Business Overview

Esthetician spa in prime location with loyal customer base. Well designed and maintained space with new equipment capable of easily offering a wide variety of profitable skin care services. Requires medical license or Hawaii esthetician license to operate. Seller wishes to sell business with the real estate.

Financial

  • Asking Price: $600,000
  • Cash Flow: $140,018
  • Gross Revenue: $265,838
  • EBITDA: N/A
  • FF&E: $87,947
  • Inventory: $29,200
  • Inventory Included: Yes
  • Established: N/A
Is Support & Training Included:

2 weeks

Purpose For Selling:

retiring

Additional Info

The sale does include inventory valued at $29,200, which is included in the requested price.

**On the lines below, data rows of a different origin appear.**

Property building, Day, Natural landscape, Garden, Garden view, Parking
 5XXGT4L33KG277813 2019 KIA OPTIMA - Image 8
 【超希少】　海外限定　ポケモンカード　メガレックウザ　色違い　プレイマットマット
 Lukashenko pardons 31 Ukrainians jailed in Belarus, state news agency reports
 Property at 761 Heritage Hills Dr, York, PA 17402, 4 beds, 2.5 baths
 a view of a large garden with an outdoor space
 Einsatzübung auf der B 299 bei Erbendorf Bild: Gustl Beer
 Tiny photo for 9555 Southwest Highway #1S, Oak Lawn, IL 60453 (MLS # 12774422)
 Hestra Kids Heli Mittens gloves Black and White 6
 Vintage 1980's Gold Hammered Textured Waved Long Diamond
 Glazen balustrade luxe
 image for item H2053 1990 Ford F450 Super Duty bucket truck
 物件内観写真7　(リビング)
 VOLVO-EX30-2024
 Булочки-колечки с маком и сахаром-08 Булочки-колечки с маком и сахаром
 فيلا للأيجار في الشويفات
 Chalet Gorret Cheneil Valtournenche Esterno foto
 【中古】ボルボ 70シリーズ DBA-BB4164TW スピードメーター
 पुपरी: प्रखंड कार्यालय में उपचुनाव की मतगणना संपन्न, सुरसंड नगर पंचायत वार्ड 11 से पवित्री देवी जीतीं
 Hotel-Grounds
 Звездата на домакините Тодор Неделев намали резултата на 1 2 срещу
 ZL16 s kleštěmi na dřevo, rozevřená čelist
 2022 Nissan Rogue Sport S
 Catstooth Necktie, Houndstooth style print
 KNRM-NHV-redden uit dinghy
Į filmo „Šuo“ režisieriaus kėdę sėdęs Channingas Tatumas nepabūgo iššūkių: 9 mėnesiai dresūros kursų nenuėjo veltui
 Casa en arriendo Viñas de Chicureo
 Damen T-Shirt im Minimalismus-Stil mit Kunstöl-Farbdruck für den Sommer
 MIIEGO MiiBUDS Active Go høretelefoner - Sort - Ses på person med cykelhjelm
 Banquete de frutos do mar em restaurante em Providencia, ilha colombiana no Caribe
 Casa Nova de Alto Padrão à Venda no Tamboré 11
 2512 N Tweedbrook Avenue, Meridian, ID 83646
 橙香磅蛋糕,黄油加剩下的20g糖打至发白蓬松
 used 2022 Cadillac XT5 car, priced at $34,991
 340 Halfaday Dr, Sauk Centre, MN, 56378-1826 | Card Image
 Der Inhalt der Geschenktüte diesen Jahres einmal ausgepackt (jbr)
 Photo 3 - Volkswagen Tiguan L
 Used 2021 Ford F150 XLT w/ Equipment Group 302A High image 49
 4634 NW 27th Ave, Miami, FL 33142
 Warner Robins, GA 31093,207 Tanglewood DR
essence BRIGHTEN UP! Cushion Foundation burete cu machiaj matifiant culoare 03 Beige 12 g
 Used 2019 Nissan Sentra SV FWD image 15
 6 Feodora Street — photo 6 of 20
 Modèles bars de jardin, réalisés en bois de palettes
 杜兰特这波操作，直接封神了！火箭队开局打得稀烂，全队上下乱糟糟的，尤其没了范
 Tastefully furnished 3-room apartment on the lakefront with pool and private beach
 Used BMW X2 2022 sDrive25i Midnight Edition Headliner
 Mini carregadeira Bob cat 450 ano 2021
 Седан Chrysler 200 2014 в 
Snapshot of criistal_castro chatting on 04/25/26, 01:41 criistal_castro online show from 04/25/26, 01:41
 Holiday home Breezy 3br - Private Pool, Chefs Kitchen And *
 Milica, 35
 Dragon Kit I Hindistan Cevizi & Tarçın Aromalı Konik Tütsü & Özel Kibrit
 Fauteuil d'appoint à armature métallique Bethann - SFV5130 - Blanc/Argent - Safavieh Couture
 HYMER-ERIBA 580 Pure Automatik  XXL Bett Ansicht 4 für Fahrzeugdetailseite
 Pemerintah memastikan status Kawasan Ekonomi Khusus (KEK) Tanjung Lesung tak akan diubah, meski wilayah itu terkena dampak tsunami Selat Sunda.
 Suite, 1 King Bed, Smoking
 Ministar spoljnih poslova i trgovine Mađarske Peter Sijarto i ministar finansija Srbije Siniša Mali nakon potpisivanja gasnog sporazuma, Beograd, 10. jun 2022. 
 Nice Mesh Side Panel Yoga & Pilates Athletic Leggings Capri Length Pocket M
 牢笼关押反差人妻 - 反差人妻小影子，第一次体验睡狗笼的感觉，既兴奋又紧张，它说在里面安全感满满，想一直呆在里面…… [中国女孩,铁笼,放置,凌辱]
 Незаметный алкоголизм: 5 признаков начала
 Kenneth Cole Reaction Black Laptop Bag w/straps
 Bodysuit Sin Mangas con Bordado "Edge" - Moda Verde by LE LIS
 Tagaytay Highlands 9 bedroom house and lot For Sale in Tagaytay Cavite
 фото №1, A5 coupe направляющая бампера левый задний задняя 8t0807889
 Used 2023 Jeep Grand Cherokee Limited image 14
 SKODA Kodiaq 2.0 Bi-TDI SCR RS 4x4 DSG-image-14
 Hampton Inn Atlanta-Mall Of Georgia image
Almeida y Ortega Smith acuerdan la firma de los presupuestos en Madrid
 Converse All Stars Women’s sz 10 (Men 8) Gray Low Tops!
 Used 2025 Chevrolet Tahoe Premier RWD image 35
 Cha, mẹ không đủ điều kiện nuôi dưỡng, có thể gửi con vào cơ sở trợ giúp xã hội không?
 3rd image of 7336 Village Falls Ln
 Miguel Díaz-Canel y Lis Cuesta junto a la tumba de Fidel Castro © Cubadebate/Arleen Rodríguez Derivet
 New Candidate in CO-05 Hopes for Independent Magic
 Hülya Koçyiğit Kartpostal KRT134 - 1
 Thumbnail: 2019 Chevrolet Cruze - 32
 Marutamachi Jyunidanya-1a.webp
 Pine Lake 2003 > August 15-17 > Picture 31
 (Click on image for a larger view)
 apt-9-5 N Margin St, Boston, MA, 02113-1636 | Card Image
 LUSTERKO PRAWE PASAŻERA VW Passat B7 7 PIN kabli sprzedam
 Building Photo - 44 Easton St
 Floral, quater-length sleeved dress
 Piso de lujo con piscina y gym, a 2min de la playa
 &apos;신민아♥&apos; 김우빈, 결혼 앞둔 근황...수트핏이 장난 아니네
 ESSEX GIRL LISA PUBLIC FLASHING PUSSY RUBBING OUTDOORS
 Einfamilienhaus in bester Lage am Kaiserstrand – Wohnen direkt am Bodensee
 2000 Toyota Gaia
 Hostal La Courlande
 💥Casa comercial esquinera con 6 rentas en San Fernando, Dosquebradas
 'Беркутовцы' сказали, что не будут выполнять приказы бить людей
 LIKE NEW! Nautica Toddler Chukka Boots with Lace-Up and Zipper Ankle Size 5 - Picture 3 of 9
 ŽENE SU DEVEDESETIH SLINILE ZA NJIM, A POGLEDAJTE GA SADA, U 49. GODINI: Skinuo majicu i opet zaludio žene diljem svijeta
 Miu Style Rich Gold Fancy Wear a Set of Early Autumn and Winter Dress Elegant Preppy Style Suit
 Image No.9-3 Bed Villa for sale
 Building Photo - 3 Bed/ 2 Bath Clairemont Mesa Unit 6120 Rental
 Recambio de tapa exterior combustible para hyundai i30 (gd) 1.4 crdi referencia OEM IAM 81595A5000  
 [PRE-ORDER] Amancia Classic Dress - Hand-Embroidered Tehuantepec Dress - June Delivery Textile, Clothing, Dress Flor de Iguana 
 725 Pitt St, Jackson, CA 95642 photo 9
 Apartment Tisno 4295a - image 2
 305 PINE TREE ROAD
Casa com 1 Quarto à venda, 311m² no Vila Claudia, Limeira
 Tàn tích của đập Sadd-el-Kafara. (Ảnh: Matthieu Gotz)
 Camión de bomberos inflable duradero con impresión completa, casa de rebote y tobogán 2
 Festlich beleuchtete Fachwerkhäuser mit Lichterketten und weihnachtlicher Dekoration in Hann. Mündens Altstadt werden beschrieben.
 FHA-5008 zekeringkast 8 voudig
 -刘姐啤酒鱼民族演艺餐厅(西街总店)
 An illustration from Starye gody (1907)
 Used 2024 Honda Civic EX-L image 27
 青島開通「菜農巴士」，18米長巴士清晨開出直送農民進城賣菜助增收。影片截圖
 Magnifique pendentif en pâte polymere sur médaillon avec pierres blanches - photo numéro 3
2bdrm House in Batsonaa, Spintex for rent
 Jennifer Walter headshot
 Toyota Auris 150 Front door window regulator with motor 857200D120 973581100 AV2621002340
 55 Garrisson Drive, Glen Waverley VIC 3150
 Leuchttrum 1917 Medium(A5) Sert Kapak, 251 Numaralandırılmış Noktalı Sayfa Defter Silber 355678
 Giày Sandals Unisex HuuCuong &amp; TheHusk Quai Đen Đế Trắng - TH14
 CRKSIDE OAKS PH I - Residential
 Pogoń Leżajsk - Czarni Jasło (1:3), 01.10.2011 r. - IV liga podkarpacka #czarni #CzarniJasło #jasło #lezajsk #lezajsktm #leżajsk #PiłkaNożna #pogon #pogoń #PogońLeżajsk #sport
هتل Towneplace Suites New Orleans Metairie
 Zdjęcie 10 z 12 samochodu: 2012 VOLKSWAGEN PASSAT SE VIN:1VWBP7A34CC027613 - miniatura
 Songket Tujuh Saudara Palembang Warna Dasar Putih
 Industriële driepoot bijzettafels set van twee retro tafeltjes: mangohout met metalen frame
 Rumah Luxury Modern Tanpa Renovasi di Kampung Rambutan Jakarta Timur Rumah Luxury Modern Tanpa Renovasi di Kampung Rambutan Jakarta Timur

Why is the Current Owner Selling The Business?

There are all sorts of reasons individuals choose to sell operating businesses. Nevertheless, the true factor and the one they say to you might be 2 entirely different things. As an example, they may say "I have too many various responsibilities" or "I am retiring". For lots of sellers, these reasons stand. But also, for some, these may just be excuses to attempt to hide the reality of altering demographics, increased competition, current decrease in profits, or an array of various other reasons. This is why it is very important that you not rely entirely on a vendor's word, but instead, make use of the vendor's solution together with your total due diligence. This will repaint an extra practical picture of the business's current scenario.

Existing Debts and Future Obligations

If the current company is in debt, which many businesses are, then you will have reason to consider this when valuating/preparing your deal. Many companies finance loans so as to cover things like stock, payroll, accounts payable, and so on. Remember that sometimes this can mean that revenue margins are too small. Many companies fall under a revolving door of taking loans as a way to pay back various other loans. In addition to debts, there may also be future obligations to think about. There might be an outstanding lease on tools or the building where the business resides. The business might have existing agreements with vendors that have to be fulfilled or may cause charges if canceled early.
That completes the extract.